Allow me to translate. Because there was no wind to speak of, National Grid had to dip into the emergency reserves supplied by traditional sources, those that don’t depend as immediately on God’s benevolence.

However, what happens a few years down the road if God plays the same trick again and Britain has no traditional energy sources to fall back on? Let’s not forget that by that time the grid will also have to accommodate several more million electric cars, all thirsty for their fair share of clean, guiltless juice. 

That possibility doesn’t bear thinking about and, to give Mr Johnson his due, he doesn’t think about it. Instead he thinks that by the time that cataclysmic blackout arrives, he’ll have finished his political career on his own terms.

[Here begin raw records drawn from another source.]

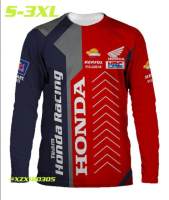XZX180305   honda Motor shirt long sleeve for men/women clothes Racing Cycling27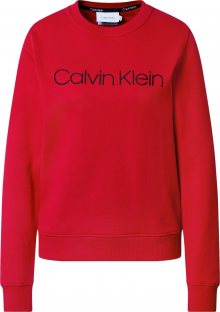 Calvin Klein Mikina červená / černá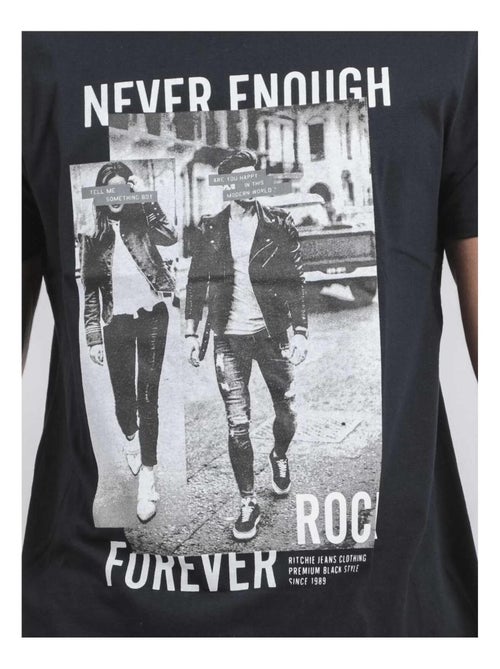 T-shirt col rond pur coton JAMIJEL - Kiabi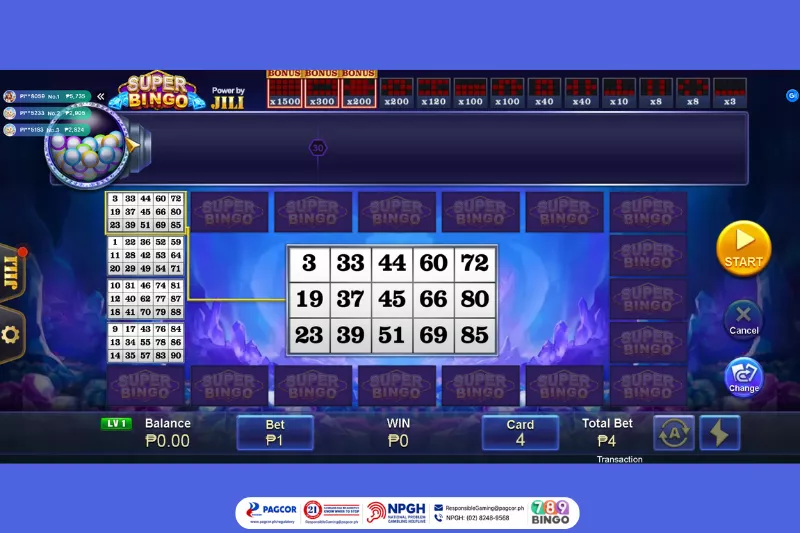 Super Bingo by JILI Games at 789Bingo game interface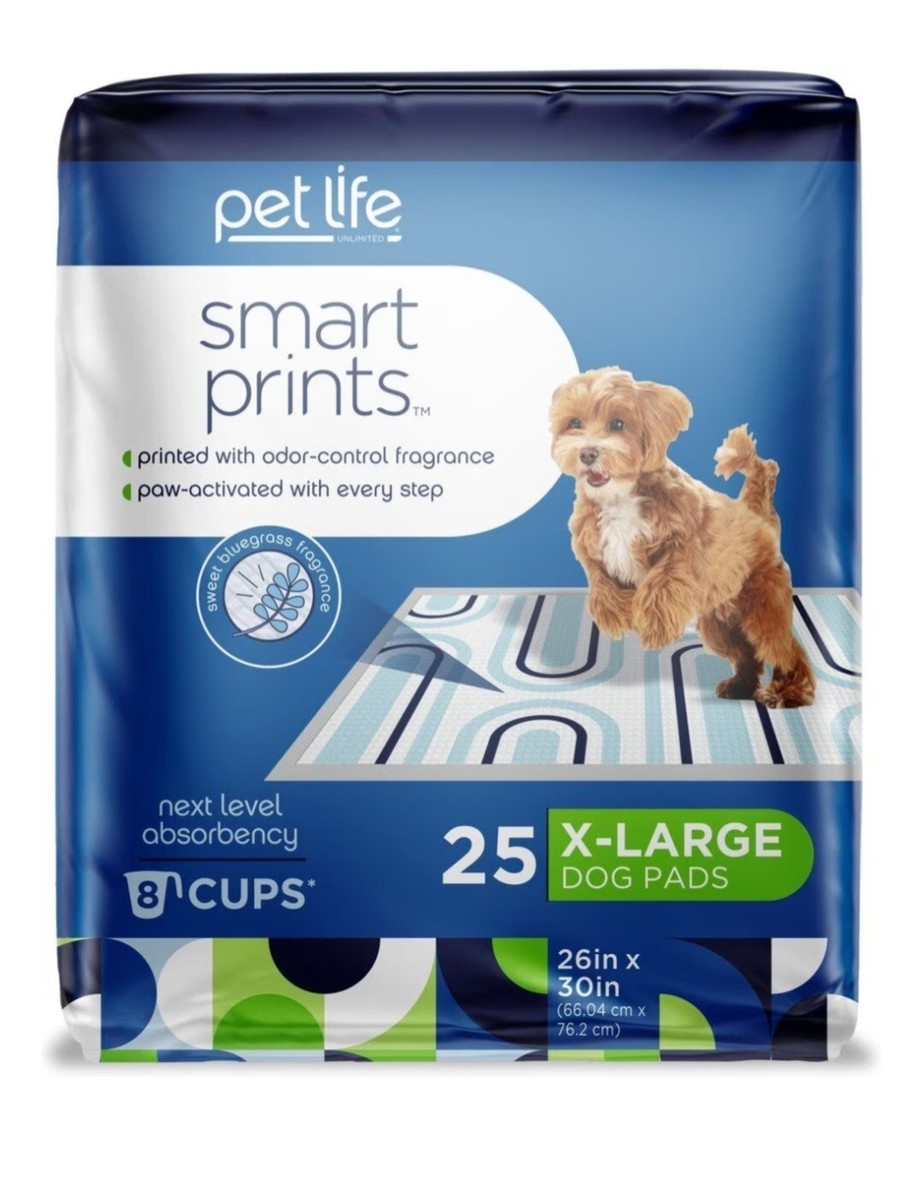 Pet Life Unlimited Dog Pads, Smart Prints, XL, Lava Lamp Print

He’ll be raking in millions by tossing off memoirs and articles, speaking at boozy fundraisers, sitting on countless boards and taking bungs for introducing foreign gangsters to his successors.

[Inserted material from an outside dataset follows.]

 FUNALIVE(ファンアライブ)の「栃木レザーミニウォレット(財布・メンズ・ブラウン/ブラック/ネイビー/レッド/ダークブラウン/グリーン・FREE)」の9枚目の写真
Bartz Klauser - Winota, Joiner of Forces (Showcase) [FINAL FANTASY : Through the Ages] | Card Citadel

And if a Dark Age arrives in Britain, he’ll happily up sticks and retreat to a country that’s not quite so advanced in its march towards progress. France could be good, what with Mr Johnson already fluent in her language. As to the rest of us, it’s sauve qui peut.

My quarrel isn’t really with the PM. He’s the usual garden variety spiv washed into Downing Street by the wave of universal, and increasingly illiterate, suffrage. What does sadden me no end is a society totalitarian in its thought, if not quite yet in its methods.

Being a literate sort, Mr Johnson has doubtless read a few serious books (such as Heaven and Earth by Ian Plimer) that debunk, reams of data in hand, the hysteria about anthropogenic global warming for the scam it is.

Hence he knows that man’s actions play an infinitesimal role, if any, in climate changes, compared to the impact of solar activity and a myriad other factors studied by, inter alia, astronomy, geology, solar physics, astrophysics, palaeontology, tectonics, oceanography, geochemistry and volcanology.

He must be aware that for 80 per cent of its history the Earth has been warmer than it is now, and that ecological catastrophes have only ever been caused by periods of cooling rather than warming. Of course he is. But for our peerless leaders, it’s the denial of knowledge that is power.

Given the progress in information technology, and the concomitant regress in public intelligence, new orthodoxies take months, rather than centuries, to hatch. But they are none the less intractable for it: obey them or else.

No deviation, heresy or apostasy is allowed; no flexibility is built in. New, fake, orthodoxies are chiselled in stone for ever, or at least until next month, when new ones arrive. No public official can possibly come across as a global warming denier and still hope to keep his job.

And keeping their jobs, or getting better ones, has become the sole purpose of governance in Britain. So we’re going to revert to the days before the Industrial Revolution, when energy was only produced by wind, water or muscle.

That’s the thing about modernity: it’s a snake devouring its own tail. First it fraudulently holds up technological progress as its principal redeeming feature; second, it destroys that progress when it comes in conflict with some zig or zag of its ideological pieties.

So let’s wait for a new Don Quixote, who’ll attack those wind farms on his trusted Rocinante, if with better result. That’s our only hope.   

2 thoughts on “God let Boris down”

  1. There is an outspoken and precocious child (possibly fictitious) referred to in some illiterate media as the anti-Greta as if she were comparable to an anti-Christ. She could be an anti-devil, if you prefer, but I doubt if many take it that way because that would mean that Greta is the Devil. Veneration of ignorant children is a sad state of affairs.